Monday, February 26, 2018

Lincoln in the Bardo by George Saunders Review

WARNING: THERE MAY BE SPOILERS BELOW


“Strange, isn't it? To have dedicated one's life to a certain venture, neglecting other aspects of one's life, only to have that venture, in the end, amount to nothing at all, the products of one's labors ultimately forgotten?”- Lincoln in the Bardo, George Saunders
In his long-awaited first novel, American master George Saunders delivers his most original, transcendent, and moving work yet. Unfolding in a graveyard over the course of a single night, narrated by a dazzling chorus of voices, Lincoln in the Bardo is a literary experience unlike any other—for no one but Saunders could conceive it.

February 1862. The Civil War is less than one year old. The fighting has begun in earnest, and the nation has begun to realize it is in for a long, bloody struggle. Meanwhile, President Lincoln’s beloved eleven-year-old son, Willie, lies upstairs in the White House, gravely ill. In a matter of days, despite predictions of a recovery, Willie dies and is laid to rest in a Georgetown cemetery. “My poor boy, he was too good for this earth,” the president says at the time. “God has called him home.” Newspapers report that a grief-stricken Lincoln returned to the crypt several times alone to hold his boy’s body.

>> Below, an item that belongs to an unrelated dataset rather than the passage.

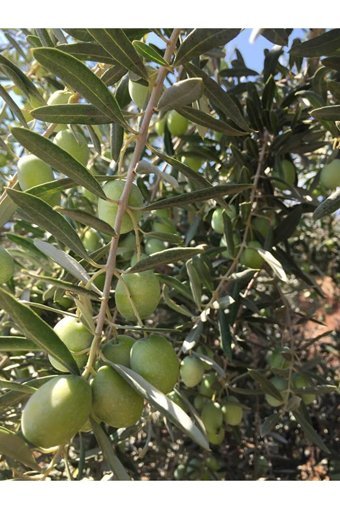 Gerekseal Salamura Kırma Yeşil Zeytin Pet Kavanoz 5 kg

From that seed of historical truth, George Saunders spins an unforgettable story of familial love and loss that breaks free of its realistic, historical framework into a thrilling, supernatural realm both hilarious and terrifying. Willie Lincoln finds himself in a strange purgatory, where ghosts mingle, gripe, commiserate, quarrel, and enact bizarre acts of penance. Within this transitional state—called, in the Tibetan tradition, the bardo—a monumental struggle erupts over young Willie’s soul.

Lincoln in the Bardo
 is an astonishing feat of imagination and a bold step forward from one of the most important and influential writers of his generation. Formally daring, generous in spirit, deeply concerned with matters of the heart, it is a testament to fiction’s ability to speak honestly and powerfully to the things that really matter to us. Saunders has invented a thrilling new form that deploys a kaleidoscopic, theatrical panorama of voices—living and dead, historical and invented—to ask a timeless, profound question: How do we live and love when we know that everything we love must end?


Is anyone else tired of hearing glowing review after glowing review of this novel? Indeed, when I picked up Lincoln in the Bardo, after I had been resisting it for so long, my expectations were actually lowered, an attempt to prevent what I figured would be inevitable disappointment. But if you expected a trashing of an overrated novel, turn back now because this is not it.

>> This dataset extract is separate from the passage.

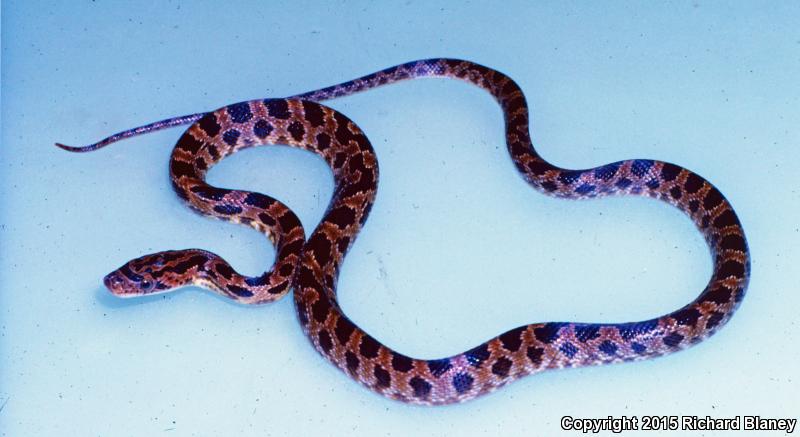 Tropical Ratsnake (Pseudelaphe flavirufa)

Honestly, the whole reason I even picked up Lincoln in the Bardo in the first place was because of peer pressure. As much as I love ghosts, the American Civil War and the life of Lincoln has ever interested me. I was always annoyed when my American history classes in elementary, middle, and high school would get stuck in the middle of the 1800s, because we would usually spend two months on the Antebellum, Civil War, and Restoration and I just wanted to get to the 20th century, already. I mean, I don't blame authors and schools for fixating on that time, especially in today's society with race relations being what they are, but all it did was encourage my interest in the Turn of the Century and both WWs, because of how little I was taught about them in a public school setting. And when I read historical fiction for fun, I have a tendency to gravitate towards times that either interest me or I know little about, that basically means that anything that has to do with the Civil War I stay away from.

But Lincoln in the Bardo is a novel that I was completely blown away by. While gimmicky novels have never been my favorite, this one is told in a way that makes its unconventional, even avant-garde, style fun and refreshing instead of bogged down by quirkiness. In fact, I am a little surprised it reached and was liked by such a mainstream audience, or that I see it in places like airport or train station bookstores since it's hard for me to imagine the pop fiction crowd liking such a heavy, strange book.

And I loved the ghosts. I mean, I love ghosts in general, but these ghosts were particularly endearing to me. Their stories were the right amount of sad without feeling overindulgent, and each of their personalities shone through well in their writing. And the humor of the novel perfectly counter-balanced the sadness. And it certainly struck the right note for me. I like absurdist humor, almost as much as I like dark humor, and I could have read ten novels written by Saunders about the antics of various ghosts in many graveyards.

I was also interested in the parts away from the graveyard, with the various quotes from sources (real or fake, I have no idea) discussing Lincoln and Willie. I liked the contradiction in many of them and that not all of them were glowing. It reminded me how much I like oral histories, and was a fascinating mosaic of the time period. 

My only complaint, and it's a relatively minor one, is that I don't really like books written from the point of view of someone who was actually alive. It makes me feel kind of uncomfortable. I don't know why these stories bother me so much, but they do.

So yes, Lincoln in the Bardo. I give it my whole-hearted thumbs up, and I think this is the most I've enjoyed reading a novel this year so far. What else can I say except that I loved it and that Mr Vollman, Mr Bevins (the third) and the Good Reverend will stick around in my head for a long time. Bittersweet perfection.